Introduction

OpenART

Tier1 and aspiring Tier2 providers interconnect only in large metropolitan areas, due to commercial incentives and politics. They won’t often peer with smaller providers, because why peer with a potential customer? Due to this, it’s entirely likely that traffic between two parties in Thessaloniki is sent to Frankfurt or Milan and back.

One possible antidote to this is to connect to a local Internet Exchange point. Not all ISPs have access to large metropolitan datacenters where larger internet exchanges have a point of presence, and it doesn’t help that the datacenter operator is happy to charge a substantial amount of money each month, just for the privilege of having a passive fiber cross connect to the exchange. Many Internet Exchanges these days ask for per-month port costs and meter the traffic with policers and rate limiters, such that the total cost of peering starts to exceed what one might pay for transit, especially at low volumes, which further exacerbates the problem. Bah.

This is an unfortunate market effect (the race to the bottom), where transit providers are continuously lowering their prices to compete. And while transit providers can make up to some extent due to economies of scale, at some point they are mostly all of equal size, and thus the only thing that can flex is quality of service.

The benefit of using an Internet Exchange is to reduce the portion of an ISP’s (and CDN’s) traffic that must be delivered via their upstream transit providers, thereby reducing the average per-bit delivery cost and as well reducing the end to end latency as seen by their users or customers. Furthermore, the increased number of paths available through the IXP improves routing efficiency and fault-tolerance, and it avoids traffic going the scenic route to a large hub like Frankfurt, London, Amsterdam, Paris or Rome, if it could very well remain local.

IPng Networks really believes in an open and affordable Internet, and I would like to do my part in ensuring the internet stays accessible for smaller parties.

Smöl IXPs

One notable problem with small exchanges, like for example [FNC-IX] in the Paris metro, or [CHIX-CH], [Community IX] and [Free-IX] in the Zurich metropolitan area, is that they are, well, small. They may be cheaper to connect to, in some cases even free, but they don’t have a sizable membership which means that there is inherently less traffic flowing, which in turn makes it less appealing for prospect members to connect to.

At IPng, I have partnered with a few super cool ISPs and carriers to offer a Free Internet Exchange platform.
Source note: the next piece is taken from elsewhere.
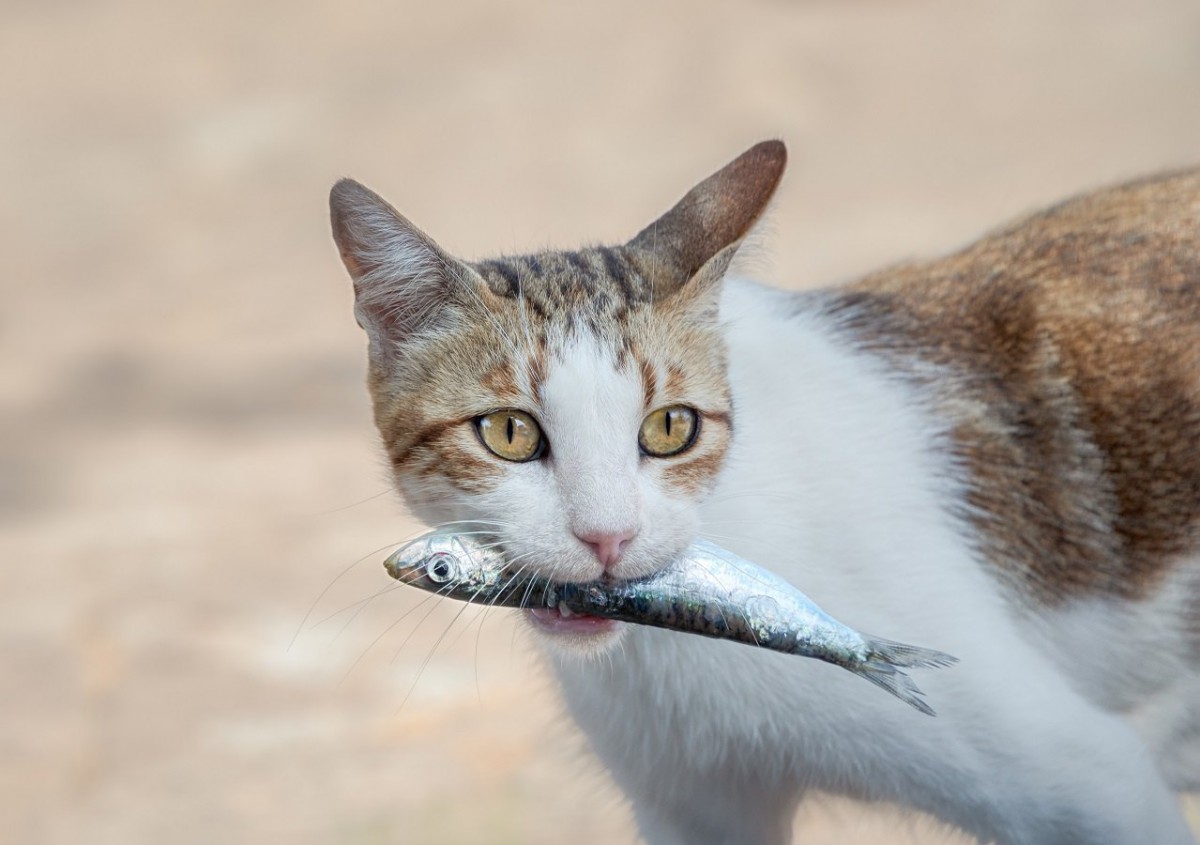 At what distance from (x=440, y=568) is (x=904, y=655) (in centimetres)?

Just to head the main question off at the pass: Free here actually does mean “Free as in beer” or [Gratis], a gift to the community that does not cost money. It also more philosophically wants to be “Free as in open, and transparent” or [Libre].

Two examples are:

.. but there are actually quite a few out there once you start looking :)

Growing Smöl IXPs

Some internet exchanges break through the magical 1Tbps barrier (and get a courtesy callout on Twitter from Dr. King), but many remain smöl. Perhaps it’s time to break the chicken-and-egg problem. What if there was a way to interconnect these exchanges?
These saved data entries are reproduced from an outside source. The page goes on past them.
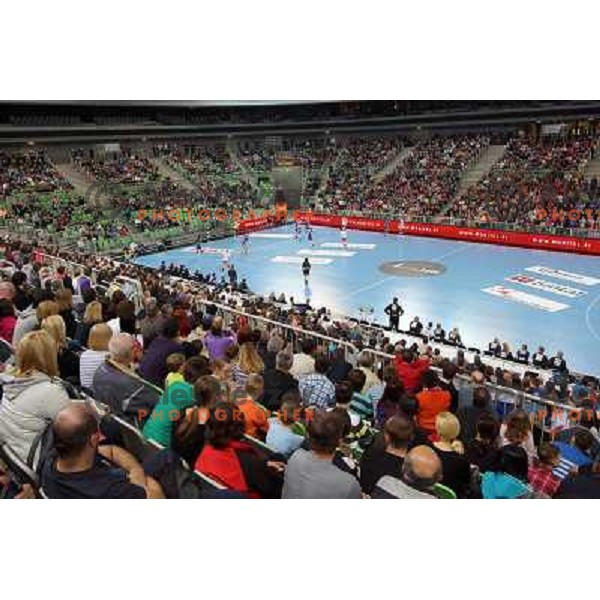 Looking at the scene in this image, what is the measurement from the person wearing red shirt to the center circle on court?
16375mm

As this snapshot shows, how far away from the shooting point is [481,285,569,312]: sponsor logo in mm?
19594

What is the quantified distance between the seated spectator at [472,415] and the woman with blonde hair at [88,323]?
4.29 meters

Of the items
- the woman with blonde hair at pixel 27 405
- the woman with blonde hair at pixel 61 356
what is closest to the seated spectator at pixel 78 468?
the woman with blonde hair at pixel 27 405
Let’s take for example the Free IX in Greece that was announced at GRNOG16 in Athens on April 19th. This exchange initially targets Athens and Thessaloniki, with 2x100G between the two cities. Members can connect to either site for the cost of only a cross connect. The 1G/10G/25G ports will be Gratis. But I will be connecting one very special member to Free IX Greece, AS50869:

FreeIX Remote

Free IX: Remote

Here’s what I am going to build. The Free IX Remote project offers an outreach infrastructure which connects to internet exchange points and PNIs, and allows members to benefit from that in the following way:

  1. FreeIX uses AS50869 to peer with any network operator who is available at public internet exchanges or using private interconnects. It looks like a normal service provider in this regard. It will connect to internet exchanges, and learn a bunch of routes.
  2. FreeIX members can join the program, after which they are granted certain propagation permissions by FreeIX at the point where they have a BGP session with AS50869. The prefixes learned on these member sessions are marked as such, and will be allowed to propagate. Members will receive some or all learned prefixes from AS50869.
  3. FreeIX members can set fine grained BGP communities to determine which of their prefixes are propagated and at which locations.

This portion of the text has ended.